La nouvelle ministre des Services financiers, Jyoti Jeetun, issue elle-même du monde de la finance, sait à quel point il est crucial de consolider les assises de ce secteur. D’où la raison pour laquelle elle a engagé les consultations avec les acteurs de la finance en mars dernier. Le Rapport stratégique pour le secteur des services financiers (2025-2030) rendu public la semaine dernière est l’aboutissement de la réflexion engagée sur l’avenir du secteur financier.

Si après trois décennies d’existence, Maurice se classe aujourd’hui à la 58e place mondiale du Global Financial Services Index, il est un fait que nous devons faire beaucoup mieux. La priorité des priorités est que Maurice préserve son statut de juridiction de substance. Cela passera par un combat tous azimuts contre la criminalité financière et le trafic de drogue. Dans le même temps, il s’agira qu’on grappille des points au niveau de la facilitation des affaires. Valeur du jour, nous sommes très loin derrière Dubaï et Singapour, où les approbations des institutions régulatrices prennent 2 à 3 semaines. À Maurice, certains fonds ont dû attendre jusqu’à six mois pour obtenir une licence de la Financial Services Commission. De même, il est vital de mieux harmoniser la stratégie de promotion de Maurice comme une IFC auprès des investisseurs internationaux.
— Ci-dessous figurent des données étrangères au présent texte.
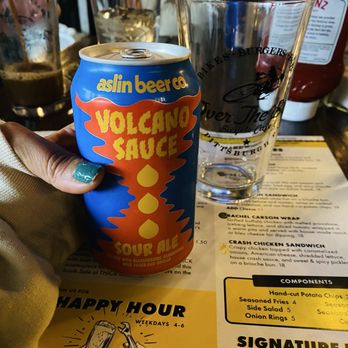 OTB at the Boathouse - Aslin Volcano Sauce Sour Beer - American Near Me - Allison Park, Pennsylvania OTB at the Boathouse - Aslin Volcano Sauce Sour Beer - American Near Me - Allison Park, Pennsylvania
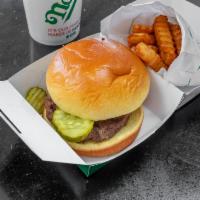 Sirloin Hamburger Combo · 1/3 lb.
Là encore, il y a des sentiers à aplanir. Faudra-t-il, par exemple, ressusciter la Financial Services Promotion Authority qui, avant sa fusion au sein de l’Economic Development Board, était l’institution qui s’occupait exclusivement de la promotion du secteur financier ? C’est une option qui sera certainement à l’étude.

Par ailleurs, à un moment où l’on parle de l’importance d’offrir des services financiers plus sophistiqués, comme la possibilité de lever des fonds à travers des jetons, il est primordial que les banques deviennent plus crypto-friendly. Bien entendu, tout cela nécessitera des systèmes de contrôle appropriés. C’est en innovant tout en restant transparent que Maurice pourra véritablement devenir cet IFC desservant à la fois l’Afrique et l’Asie.